Wernicke's encephalopathy following chemotherapy with 5-FU has been reported rarely (11). Although the biochemical basis for the neurological toxicity of 5-FU is not fully understood, it may be related to blockade of the Krebs cycle by fluoroacetate, a product of fluorouracil catabolism; another possibility relates to thiamine deficiency. Either possibility means that 5-FU-induced CNS neurotoxicity can manifest as Wernicke's encephalopathy. Thiamine phosphate is the active form of the vitamin, but its formation from thiamine can be blocked by 5-FU, an action that could further exacerbate preexisting thiamine deficiency in cancer patients (3). Askoy et al. prospectively followed 35 patients receiving 5-FU-based chemotherapy and treated thiamine-deficient patients with vitamin supplements (12).
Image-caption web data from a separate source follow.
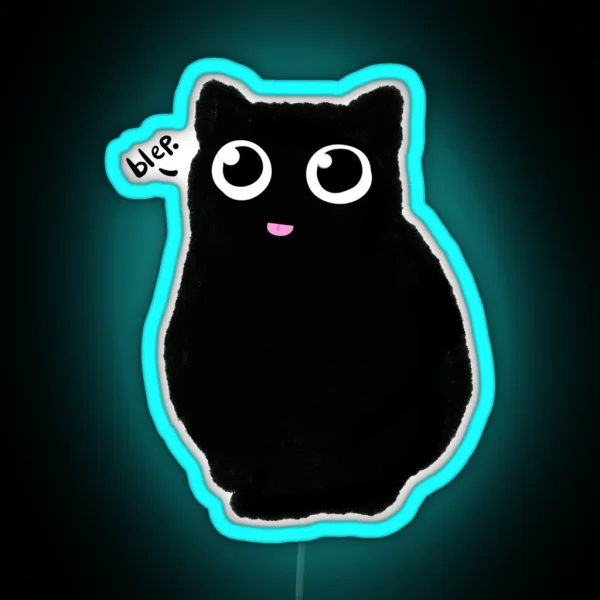 Blep Kat RGB Neon Sign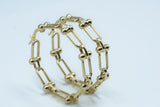 Hardware link Hoops 14K YG 1”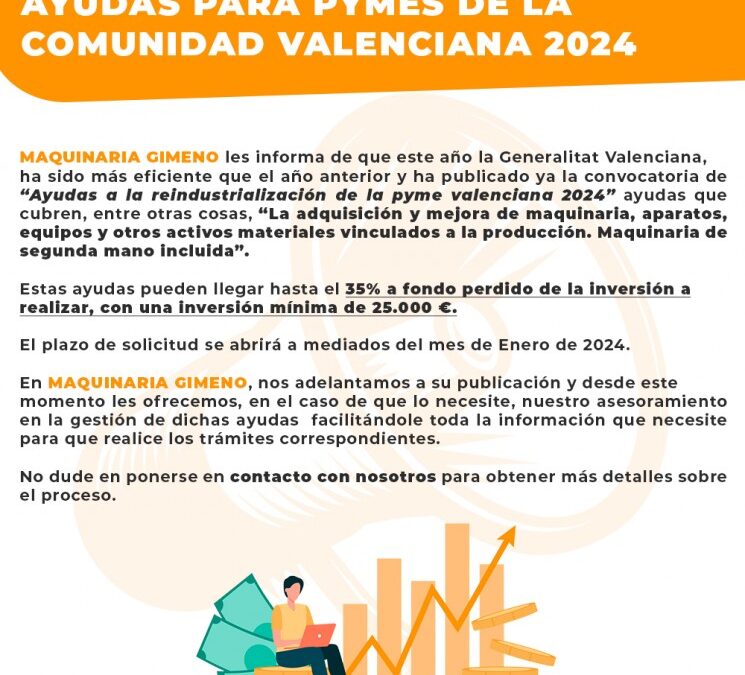Ayudas para Pymes Comunidad Valenciana 2024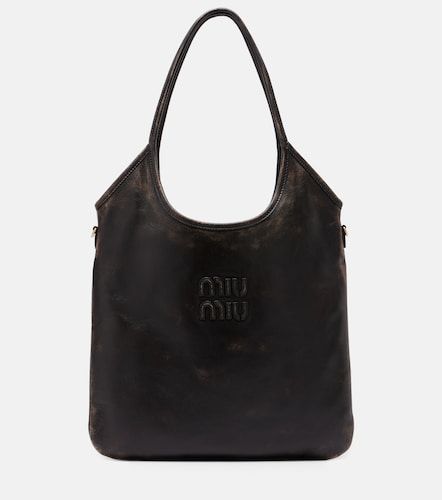 Ivy distressed leather shopper - Miu Miu - Modalova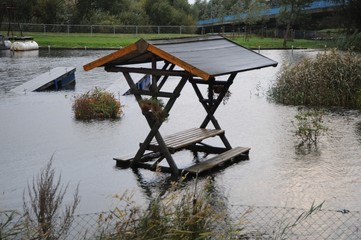 Hochwasser an der Uecker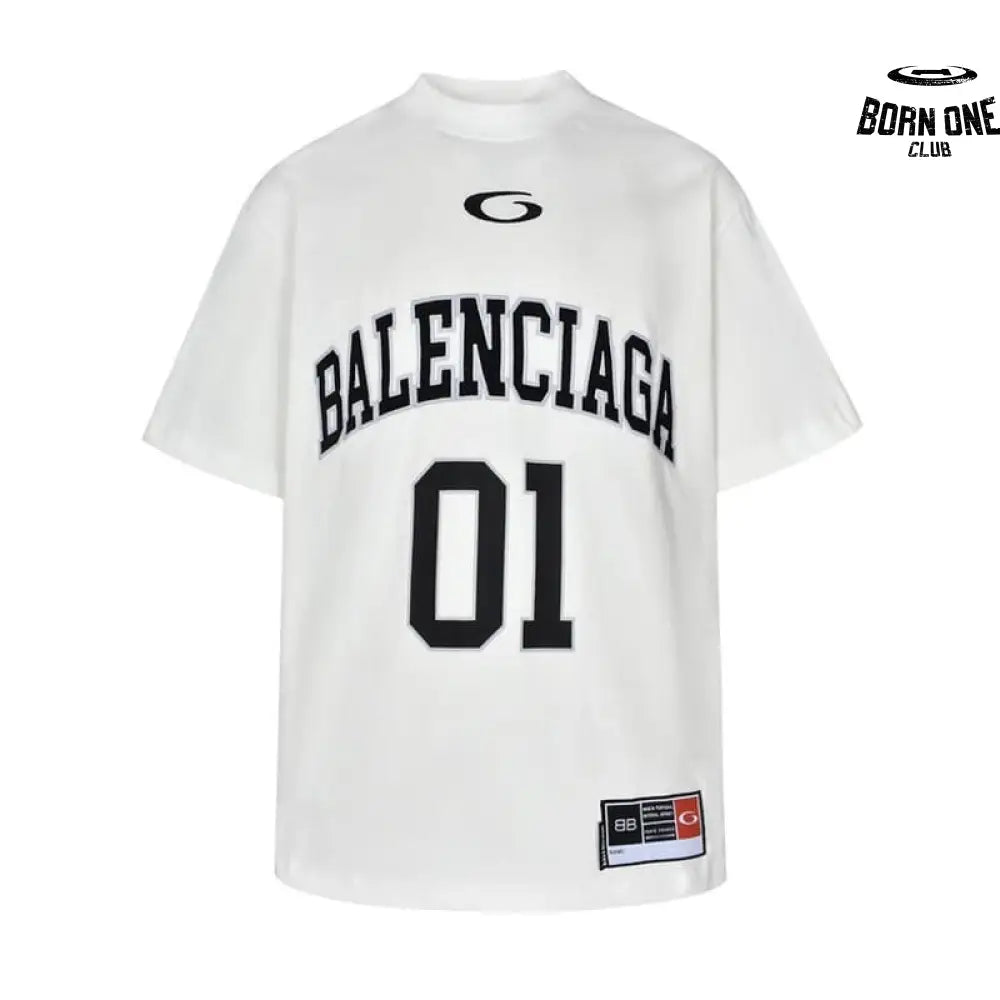Camiseta Balenciaga Basketball Series Branco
Historically, most 5-FU-associated neuropathies developed during 5-FU infusion or shortly after 5-FU completion. Our patient developed Wernicke's encephalopathy after 5 weeks of initial 5-FU exposure, but at that time, the concentration of thiamine was not low, although this measurement is limited by a lack of specificity and technical difficulties (6). The nutritional status of our patient was improving after several weeks, although her nutritional intake remained lower than normal because of mouth dryness induced by the previous concurrent chemoradiation of the head and neck cancer. It appears that the 5-FU could have caused the Wernicke's encephalopathy in our patient despite the small dietary deficiency, because she was not in severe malnutritional status judging from the total protein, albumin, triglyceride, and magnesium levels and her relatively improving appetite. A deficiency in dihydropyrimidine dehydrogenase (DPD), the rate-limiting enzyme responsible for the catabolism of 5-FU, may be associated with this type of neurotoxicity, gastrointestinal toxicity, and myelosuppression (4). We did not measure the DPD level in this patient, but the concurrent myelosuppression might reflect her low DPD level indirectly. In addition, cisplatin combined with 5-FU can induce neurotoxicity, but this complication manifests mainly as a peripheral sensory neuropathy, although it may occasionally induce encephalopathy with or without seizure (13), and it has not been reported in relation to thiamine. Our patient was given a higher dose of cisplatin in a previous concurrent chemoradiation stage, but this did not produce any neurological abnormality.

We postulate that this patient had barely escaped the marginal thiamine deficiency during cancer and therapy, and the subsequent exposure to 5-FU aggravated the dietary imbalance and caused the encephalopathy. The clinical neurological symptoms and radiological abnormalities were reversed with adequate replacement of thiamine, which differs somewhat from traditional Wernicke's encephalopathy. Some therapies for malignancy have induced Wernicke's encephalopathy caused by a lack of thiamine supplementation with total parenteral nutrition, fast-growing neoplastic cells, vomiting and poor appetite. Moreover the use of specific chemotherapy agents such as 5-FU and ifosfamide can induce this neurological disorder (6, 14). Thus, it is important to confirm the clinical suspicion of Wernicke's encephalopathy associated with thiamine deficiency in treating cancer patients.

In conclusion, physicians should be aware of neurological signs in cancer patients treated with 5-FU, regardless of the CNS involvement of the tumor, especially if the patient is at risk of dietary deficiency.